I thought recognising Simpsons characters would be a good way to get started with this, for several reasons. Firstly, I really like the Simpsons (or at least I did until it all went downhill in the late 90s or so). Secondly, it was relatively easy to get hold of large amounts of Simpsons images for training and testing the network (more on that in a moment). And thirdly, because cartoon characters look so distinctive, it would be easier to get a computer to tell them apart than it would in the case of (for example) real people.
Before I go any further I’d like to give a shout out to the fantastic Practical Deep Learning For Coders course made by the developers of fast.ai. I watched all the course videos a few months ago and found them incredibly interesting and inspiring, possessing the rare combination of being instantly accessible but also going into the subject in great depth. As an illustration of what I mean, after the first half hour or so of the opening lecture you’re already up and running with training a classifier to tell different cat and dog breeds apart, while the second half of the videos delve right into the code, explaining it right down to a line-by-line analysis of the algorithms that make up a neural network. Highly, highly recommended for anyone who knows how to code and is at all interested in AI.
Preparing the data
The first step in building a deep learning model is getting together some data that you can use for training and testing the neural network. In my case, I needed as many images from The Simpsons as I could get hold of, and I also needed to “tag” them (or at least most of them) with the names of the characters that appeared in them.
I decided to write a Python script that would download random images from Frinkiac, which is basically a Simpsons screen grab search engine, often used for making memes and so on. I felt a bit bad as it probably wasn’t intended for this usage, but in my defence I was quite gentle with it – I left my script running over a period of days, grabbing a single image at a time and then sleeping for a while so as not to hammer the site’s bandwidth. By the end of this process I had a completely random selection of around 3,000 screen captures from the first 17 seasons of the show sitting on my hard drive.
The next step was to “tag” these with the names of the characters that appeared in them.

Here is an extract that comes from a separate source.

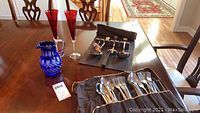 Full view of all items including blue etched glass pitcher, two red etched Lenox champagne flutes, and Royal Albert flatware laid out on table.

You might wonder why I had to do this… after all, my aim was to get the computer to identify the characters automatically, not to have to do it myself, right? Well yes, but in order to train a neural network to perform this sort of recognition task, you need to give it “labelled” data – that is, you show it an image along with a label describing what’s in it, in quite a similar way to how you might train a person to recognise characters they weren’t previously familiar with, in fact. So you need the data to be labelled.
I wasn’t looking forward to this bit as I knew it would take quite a bit of time consuming manual work – I was going to have to look at every image myself and identify the characters present, then enter that information into the computer somehow. To ease the pain, I built a little web app to try and make this process as fast as possible. It showed me the images in turn, allowing me to tag each one and move onto the next one with the minimum of key presses, writing the image names and tags into a CSV file that I could use with the AI software later on. In all I think it took me maybe an hour to write the web app and about 2 hours to tag the images, which wasn’t as bad as I’d feared.
Initially I had planned to train the network to recognise all the named characters in the show, but I later realised I probably didn’t have enough data for this – some of the more minor characters only showed up a handful of times in my training images, not really enough to make the recognition reliable. So instead I decided to focus on just the four main characters: Homer, Marge, Bart and Lisa.
Training the model
Once I had the tagged training data ready, I turned my attention to actually training a neural network to recognise it. I used the same software used in the fast.ai course I mentioned above, namely fast.ai itself (which is built on PyTorch), with the code written in the form of a Jupyter Notebook for easy experimentation. I used a ResNet34, a classic architecture for image recognition, though I also tried using a larger ResNet50 to see if it worked any better (it didn’t). Training (on my GeForce 1050Ti) only took about 5 minutes, then I was able to play with the resulting model, testing it on images it hadn’t seen before.
Overall, I was reasonably happy with it, for a first attempt. It worked very well indeed (almost perfectly) for images that included a reasonably close shot of one of the characters’ faces. For example:
(You may notice that the model doesn’t just give a straight yes or no prediction, but a percentage score indicating how confident it is that each character does appear in the image).
The model doesn’t work so well for more complicated situations such as characters being partially hidden, characters viewed from an unusual angle, characters wearing unusual clothing (especially clothing that covers up some of their distinctive features), characters far away in the distance so that they appear very small in the image, and so on. Below are some examples where it doesn’t make such a confident prediction, and my speculation as to why that might be.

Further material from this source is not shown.